** Opening DATA RECORDS block **

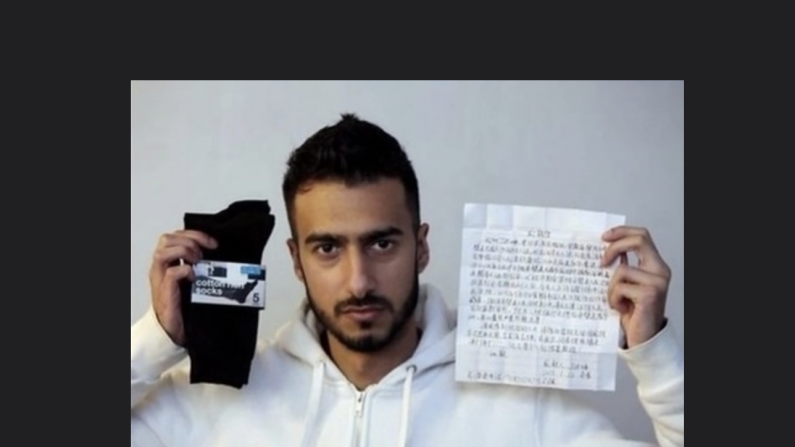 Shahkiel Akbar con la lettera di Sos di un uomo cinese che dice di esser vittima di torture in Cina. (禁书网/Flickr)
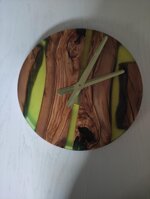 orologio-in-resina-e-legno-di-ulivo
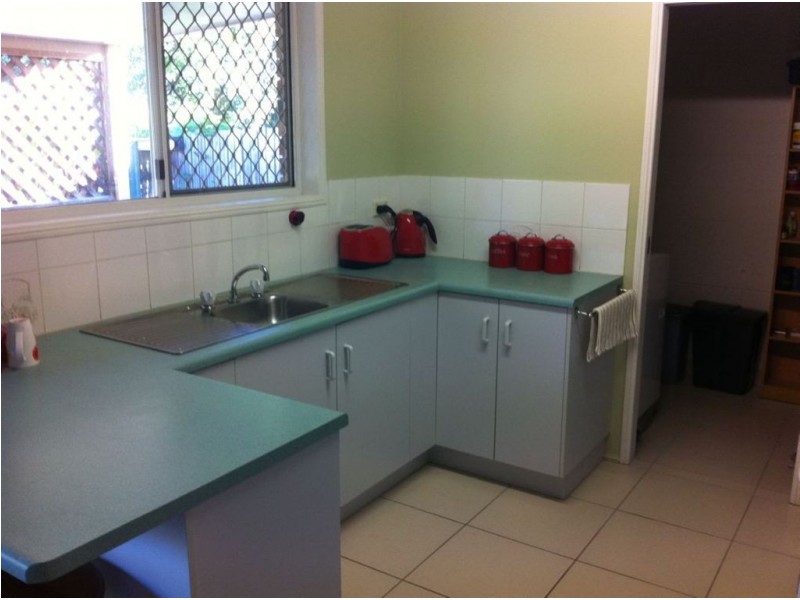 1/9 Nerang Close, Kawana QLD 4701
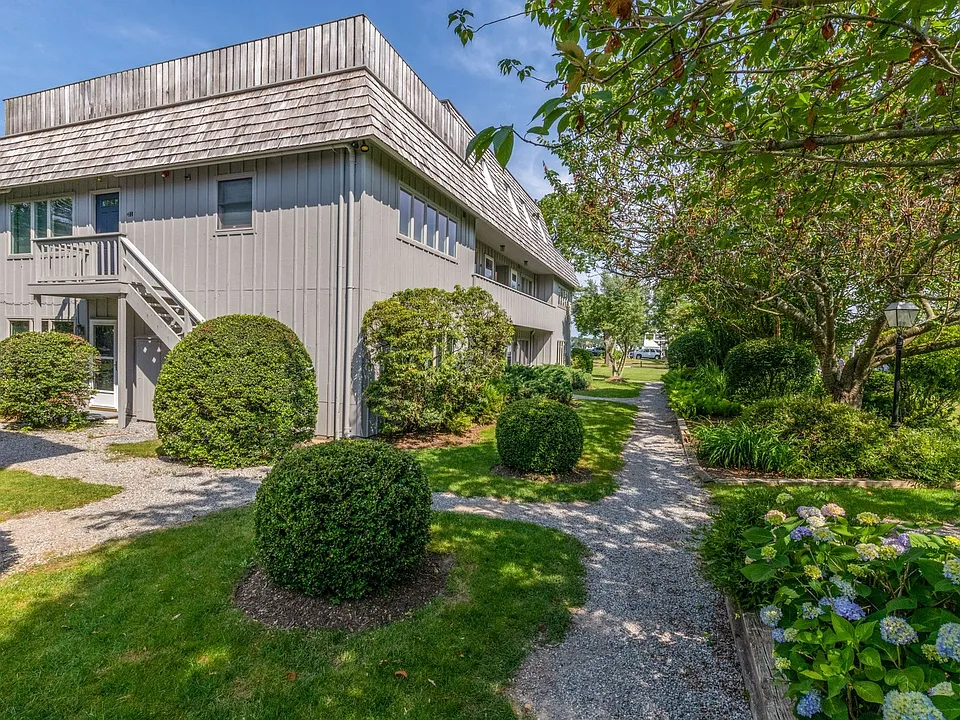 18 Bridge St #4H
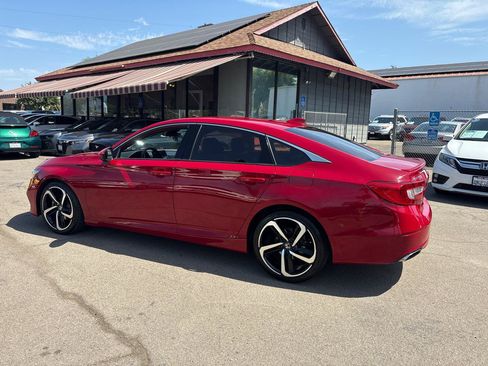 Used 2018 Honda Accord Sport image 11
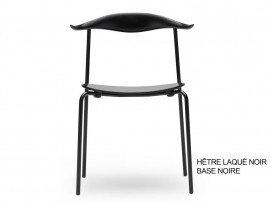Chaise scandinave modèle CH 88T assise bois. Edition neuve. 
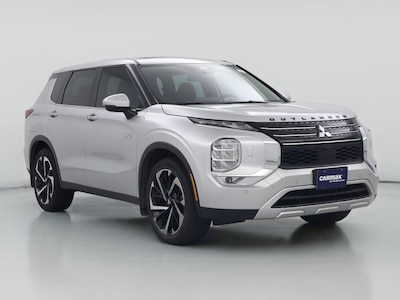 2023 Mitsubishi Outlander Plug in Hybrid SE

** Closing DATA RECORDS block **

| WHAT YOU HAVE TO DO |
Could you write out exactly the lines running from the one with "18 Bridge St #4H" through the last line of the data above, both ends kept, and omit any picture?

| WRITTEN SOLUTION |
 18 Bridge St #4H
 Used 2018 Honda Accord Sport image 11
Chaise scandinave modèle CH 88T assise bois. Edition neuve. 
 2023 Mitsubishi Outlander Plug in Hybrid SE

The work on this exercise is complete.